Low-income residents also fear the loss of rent control with a conversion. An attorney for Lamplighter said that would not happen.

"The people own the mobile homes, but they do not own the land that it's on, and the owner will have access to do whatever he wants and charging whatever he wants on the land," Lamplighter resident Michael Taylor said. "People cannot stay in their mobile homes because they cannot afford it."

Their fight, and similar scenarios throughout the state, have caught the attention of Assemblyman Pedro Nava, D-Santa Barbara.

On Tuesday, Nava addressed 30 mobile home park residents in front of Chino City Hall about his bill that would help mobile home park residents fight conversions.

The bill would require that the owner of a mobile home park seeking a conversion has to provide an approving agency - such as a city or a county - with a survey that gauges resident support or opposition to the proposed conversion.

"If the city or the county wants to deny the application and they refer in any way shape or form to a resident survey they then open themselves up to a lawsuit, so what my bill does is it eliminates that ambiguity," Nava said.

Assembly Bill 566 has passed both houses of the Legislature, and Nava said he hopes Gov.

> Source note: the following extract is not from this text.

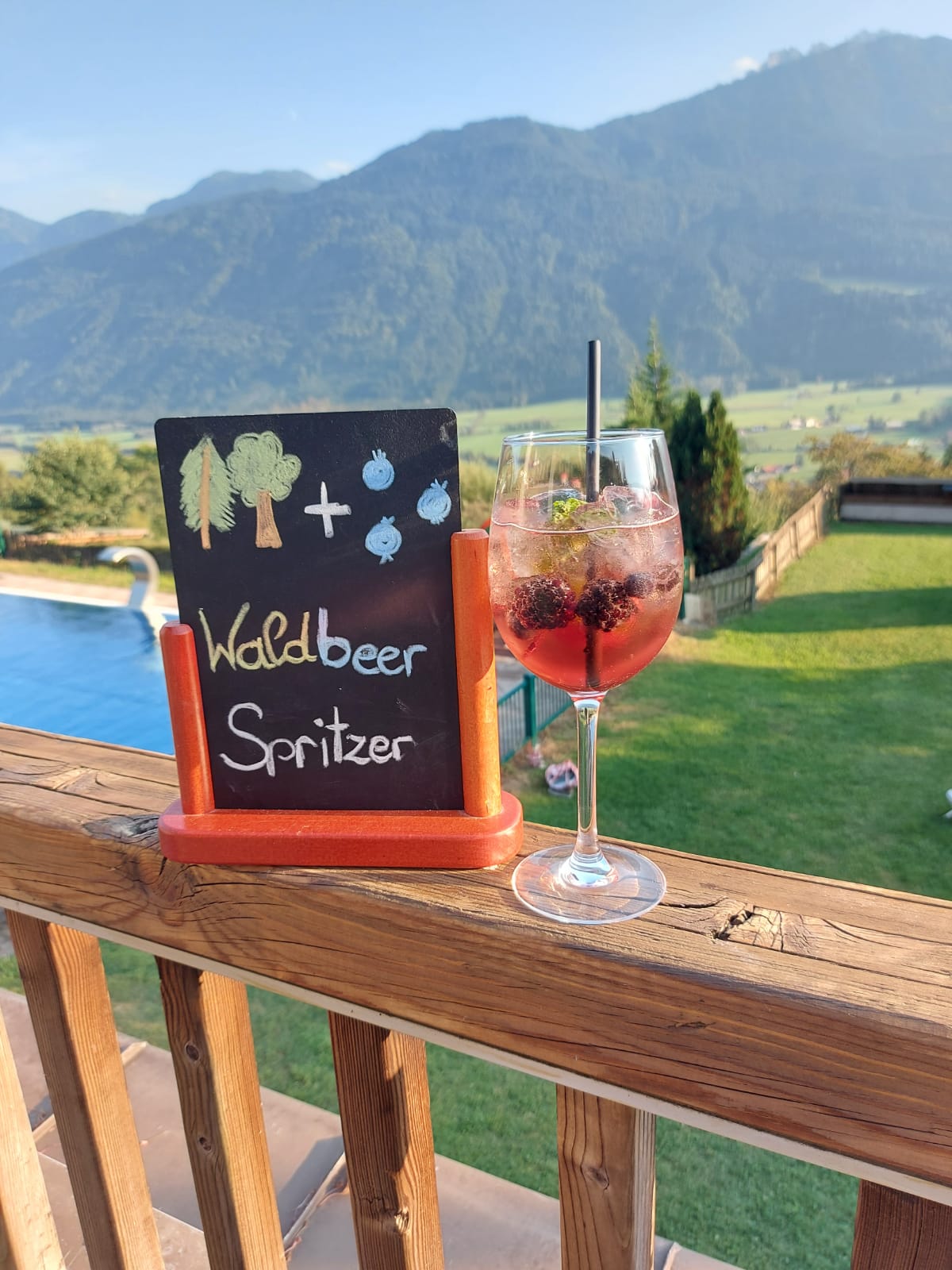 Mountainbikehotel: nawu_apartments_Bar_Sommergetränk_Cocktails - nawu apartments**** & Restaurant, die neue Leichtigkeit des Urlaubs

Arnold Schwarzenegger signs the bill. If approved, the bill would become law on Jan. 1.

Despite belief that rent control would be lost for low-income residents, Richard Close, attorney for Lamplighter owner Tom Morgan, said the assertion is false.

While higher-income residents would lose rent control protection after the conversion of their park, Close said the law enables a cap of 2 percent on the Consumer Price Index of their current rental rate.

"I think the lower-income residents are being misled by the upper-income residents who want to stop the conversion," he said. "Most people in the park are (making) less than $50,000."

Even if the bill is signed, it would not affect Lamplighter because they expect to have the conversion approved before the end of the year, Close said.

"We have fulfilled all requirements to have a complete application, and therefore the bill doesn't apply to this application," Close said. "We're hoping to come up to the (Chino) Planning Commission within the next 60 days."

Lamplighter residents George Klotz and his wife Elizabeth said they don't expect the commission to approve conversion plans.

"The Lamplighter is one of the largest sources of affordable housing in the city and the city needs affordable housing, and they are very much in favor of it," Elizabeth Klotz said.

A recent neighborhood survey found about 93 percent of Lamplighter residents are opposed to conversion, George Klotz said.

Lamplighter is at the corner of Ramona Avenue and Philadelphia Street.